17 Complex survey design
17.1 Complex sample design
You will rarely find large-scale social surveys that apply a simple random sample because they can be impractical to administer and can result in imprecise estimates, especially for certain groups in a population. Stratified sampling is an alternative probability sample that can increase precision by dividing the population up into groups or strata and sampling from each. Stratification ensures that a prespecifed number of observations from each stratum end up in the sample, therefore the sample is less varied and gives more precise estimates. Stratified sampling is feasible for telephone or mail questionnaires, but for in-person interviews it has the problem that the sample is spread out over the entire population. Cluster sampling, sampling of a relatively small number of groups of people, is often used when interviewers are required to attend respondents in person to save time and cost. In contrast to stratified sampling, cluster sampling decreases precision for a specified sample size, but can increase sample size and precision for a specified cost.
The Health Survey for England (HSE) and Scottish Health Survey (SHE) are both drawn in two stages. In HSE, at the first stage is a random sample of primary sampling units (PSUs), based on postcode sectors (i.e. the first 3-4 characters of a UK postcode), was selected. Within each selected PSU, a random sample of postal addresses was then drawn. To maximise the precision of the sample, PSUs were selected using stratified sampling. The list of PSUs in England was ordered by local authority and, within each local authority, by the percentage of households in the 2001 Census with a head of household in a non-manual occupation (NS-SEC groups 1-2).
The sample of PSUs was then selected by sampling from the list at fixed intervals from a random starting point. 900 PSUs were selected with probability proportional to the total number of addresses within them. Selecting PSUs with probability proportional to number of addresses and sampling a fixed number of addresses in each ensures that an efficient (equal probability) sample of addresses is obtained. Once selected the 900 PSUs were randomly allocated to one of two groups; 720 PSUs were allocated to the core sample and 180 PSUs were allocated to the additional child boost sample. The core PSUs contained sampled addresses for both the core and child boost sample, the additional child boost PSUs only.

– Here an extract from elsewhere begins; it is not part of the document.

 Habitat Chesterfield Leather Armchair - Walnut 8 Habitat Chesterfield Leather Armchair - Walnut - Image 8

A similar clustering and stratification is applied in the SHE.
17.2 Introducing the R survey
package
The survey
package has two main purposes. The first is to bind the necessary design metadata to the data so that the correct analysis adjustments can be performed reliably and automatically. The svydesign
function takes this description and adds it to the data set to produce a survey design object. The survey design object is then used in all analyses. Wrapping the design information and the data up in a single object ensures that the design information cannot be inadvertently separated or used with the wrong data set.

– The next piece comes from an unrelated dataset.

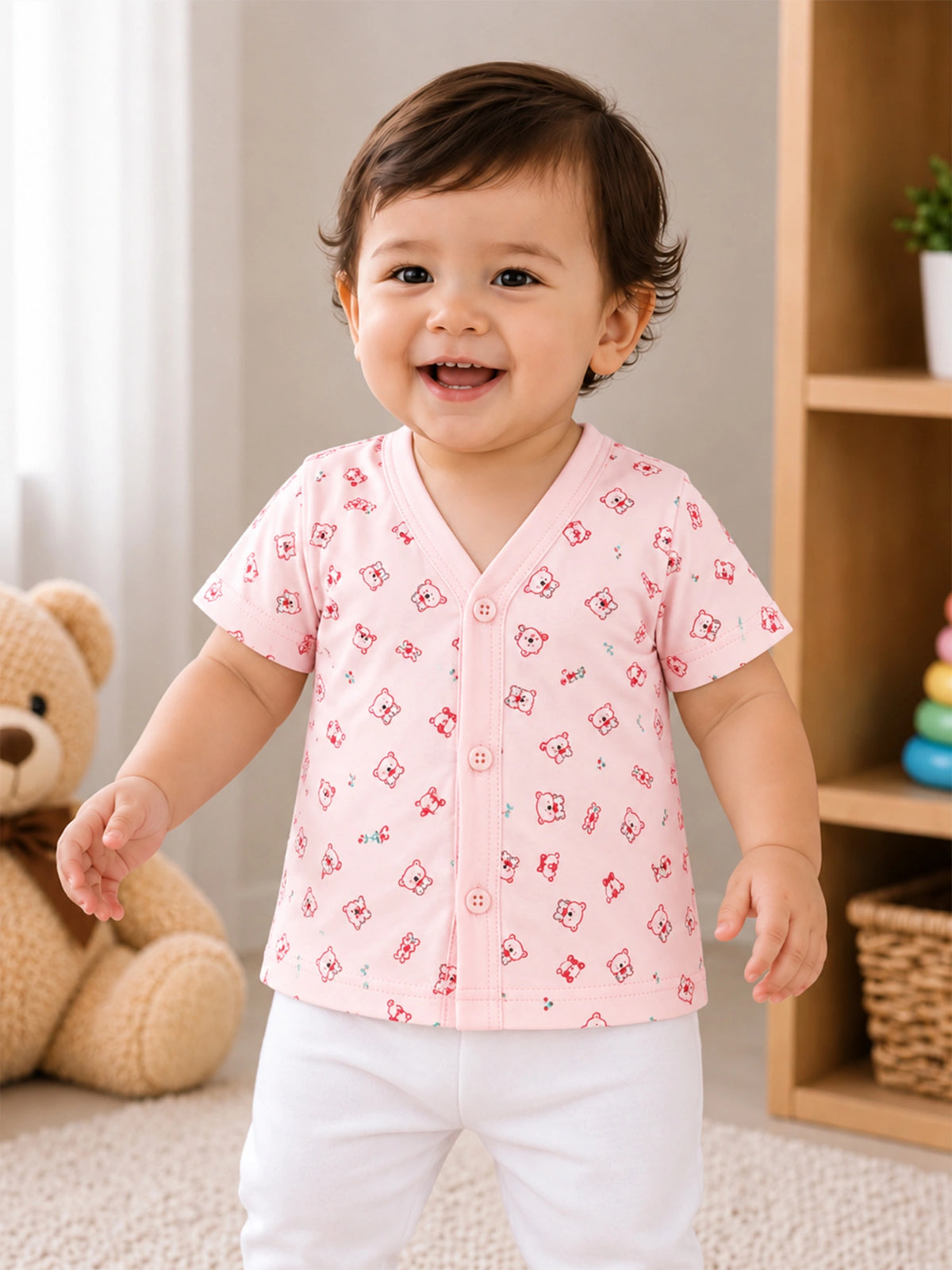 Unisex Baby Printed Round Neck Half Sleeves Vest for Innerwear Comfort and Easy Everyday Use - Pack of 3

Let’s first consider how to specify a weighting variable. Non-response weights are calculated to adjust for non-contact and for refusals of entire sampling units (e.g. households). Values above 1 indicate a respondent is underrepresented and values below 1 indicate a respondent is overrepresented. There are number of weight variables in hse_and_shes12
dataset. We will use wt_GAP
, which is non-response among individuals in responding households for a self-completion questionnaire on gambling. You will often find there are different weight variables depending on the subsample you are using in a dataset. For example, the main HSE dataset has separate weights for respondents who completed a main interview, nurse examianation and gave a blood sample to name but a few. Before creating the survey design object we need to remove respondents without a valid weighting variable value, which are coded as non-applicable (-1)
hse_and_shes12.weighted<-subset(hse_and_shes12, wt_GAP>0)
Now we create the survey design object, where the id equals to the primary sampling units (here we effectively say there are none by specificying the respondent id as the PSUs).
library(survey)
srs_design <- svydesign(id=~PserialC, weights=~wt_GAP, data=hse_and_shes12.weighted)
srs_design
#> Independent Sampling design (with replacement)
#> svydesign(id = ~PserialC, weights = ~wt_GAP, data = hse_and_shes12.weighted)
Once you have your survey design object, many statistical functions (e.g. mean) can be executed by prefixing svy
.
17.2.1 Summary statistics
Let’s estimate the mean of age assuming a simple random sample and without adjusting for non-response weight (i.e. the value you would get if the ask R to recall the mean). We will use describe
from the psych
package beacuse it will recall the standard error of the mean as well as other summary statistics.
library(psych)
describe(hse_and_shes12.weighted$age)
#> hse_and_shes12.weighted$age
#> n missing distinct Info Mean Gmd .05 .10
#> 11774 0 84 1 50.4 21.02 21 25
#> .25 .50 .75 .90 .95
#> 36 50 65 75 80
#>
#> lowest : 16 17 18 19 20, highest: 95 96 97 98 99
Now see what happens when we apply the weight variable.
svymean(~age, srs_design)
#> mean SE
#> age 46.5 0.22
Notice that the point estimate of the mean and its standard error have changed. The mean is now lower, reflecting the fact that fewer younger people responded to the survey.
Next we will start to take into consideration the sample design, starting with the clustering by primary sampling unit (psuC
). We replace the id with the psuC
variable. And then we will report the age taking into account survey clustering. N.B. not all surveys that use complex survey design will provide data on PSUs, especially if they identify small geographical areas. Why do you think that is? Invariably, large-scale government surveys will provide non-response weights in file availble on the UK Data Service.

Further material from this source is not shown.